Golf hasn’t had enough of a hard time because of the economy, now every course is fighting to keep its greens alive. And crabgrass is loving the heat. Instead of having Twilight Couples golf, clubs are scheduling Twilight Crabgrass Pulls for members.
Golfers aren’t flying or driving in from out of town to play golf anymore, they’re staying at home with the air conditioners turned on extra cold.
It’s so hot I saw a bird using a potholder to pull a worm out of the ground.
All this never-ending, unrelenting heat is creating severe problems for golf courses all around the country. Here in the Sandhills, hard-working course superintendents are sweating bullets as they lie awake wondering how many greens they’ll lose tomorrow.
Any member who complains about browned-out greens should be sentenced to eight days of syringing greens at noon.
Courses everywhere are dying, literally, for lack of play. Even when the weather is decent, a lot of people who formerly thought nothing of shelling out $65 for a round of golf are using that $65 to feed the wife and kids. Times are tough, and a lot of people are learning that they can live without playing three round of golf a week.

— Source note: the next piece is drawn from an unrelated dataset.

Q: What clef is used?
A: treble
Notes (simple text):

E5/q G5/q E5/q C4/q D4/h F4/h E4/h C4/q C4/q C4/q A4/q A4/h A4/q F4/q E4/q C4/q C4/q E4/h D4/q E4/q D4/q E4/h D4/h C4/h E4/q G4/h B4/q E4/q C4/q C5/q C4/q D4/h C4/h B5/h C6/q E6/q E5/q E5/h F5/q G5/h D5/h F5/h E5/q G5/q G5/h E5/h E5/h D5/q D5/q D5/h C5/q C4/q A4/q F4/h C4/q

Golf courses are doing everything they can to attract players, of course. Specials are the order of the day. New money-saving plans are being offered.
The key for many courses, especially those that survive on outside play, is in coming up with something to get golfers to come out and play. So, if you’re a golfer looking for a bargain, you’ll never have it better.

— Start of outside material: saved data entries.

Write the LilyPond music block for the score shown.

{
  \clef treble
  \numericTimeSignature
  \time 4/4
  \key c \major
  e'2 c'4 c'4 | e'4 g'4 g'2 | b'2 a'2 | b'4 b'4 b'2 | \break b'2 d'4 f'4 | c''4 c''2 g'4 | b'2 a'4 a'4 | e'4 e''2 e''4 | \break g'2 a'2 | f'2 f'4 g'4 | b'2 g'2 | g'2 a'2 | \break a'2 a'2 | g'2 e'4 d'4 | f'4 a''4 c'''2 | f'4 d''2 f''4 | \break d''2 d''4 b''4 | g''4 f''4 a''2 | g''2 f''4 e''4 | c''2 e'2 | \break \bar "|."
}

Seven Lakes Country Club is a terrific layout designed by the late Peter Tufts. It’s hosting the Moore County Men’s Amateur Championship this weekend, and it’s such a popular site that it’s the Sandhills Golf Association’s Course of the Year for 2010. It’s ranked in the North Carolina Golf Panel’s Top 100.
But you can play this great course for a steal right now. A new Golf Pass promotion is being offered on a limited basis that allows golfers to purchase a six-round prepaid pass for $240 that includes a seventh round for free. Tee time reservations can be made as much as five days in advance, and all of the rounds must be played prior to Dec. 31.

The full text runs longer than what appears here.